**Problem**. What must be handed in is the entire listing, exactly as written, with no pictures.

**Data section**.
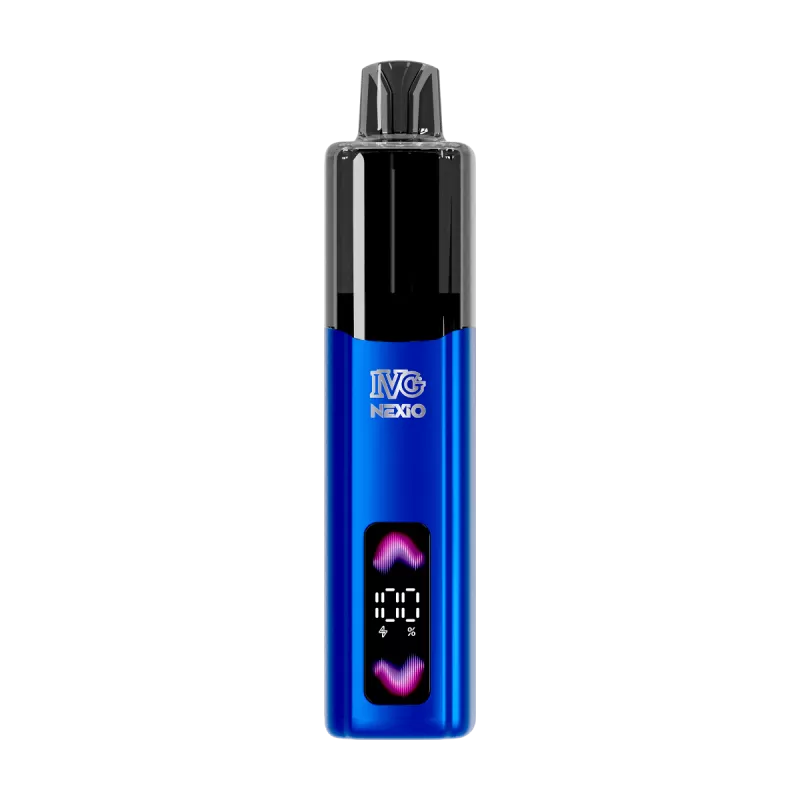 IVG Nexio Kit - Blueberry Watermelon Cherry - Vapeshop Co - Image 2
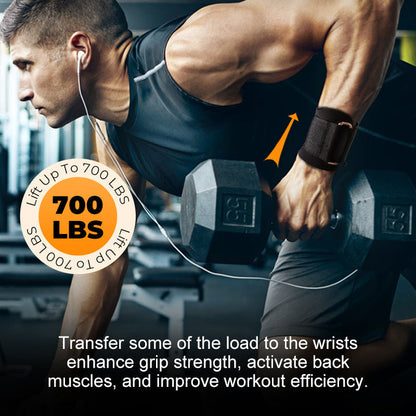 💪Pull-up Wrist Protection Auxiliary Support Belt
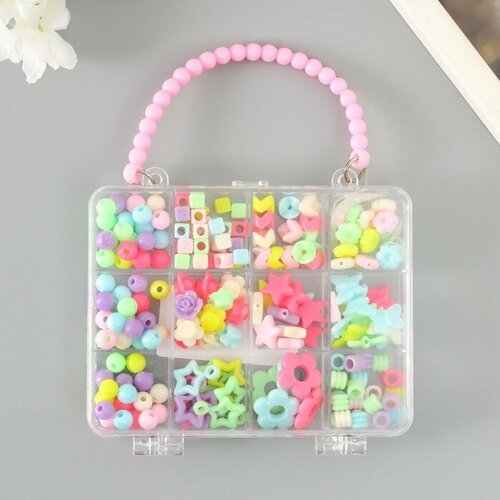 Набор бусин для рукоделия Ассорти 33 1109₽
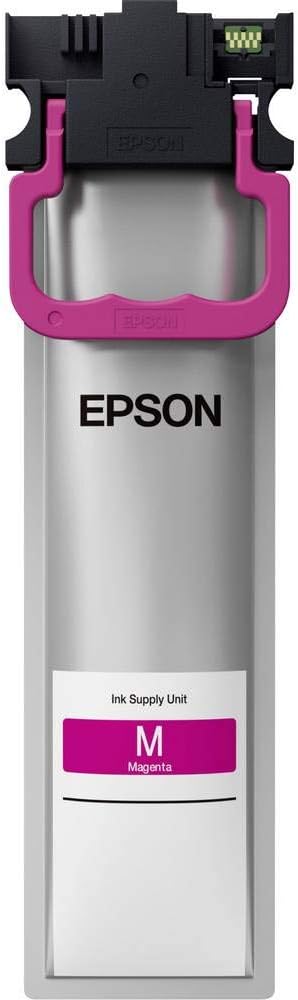 Tinteiro Epson T9443 Original Magenta Tamanho L 19.9 ml - Imagem 2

**Your solution**.
 IVG Nexio Kit - Blueberry Watermelon Cherry - Vapeshop Co - Image 2
 💪Pull-up Wrist Protection Auxiliary Support Belt
 Набор бусин для рукоделия Ассорти 33 1109₽
 Tinteiro Epson T9443 Original Magenta Tamanho L 19.9 ml - Imagem 2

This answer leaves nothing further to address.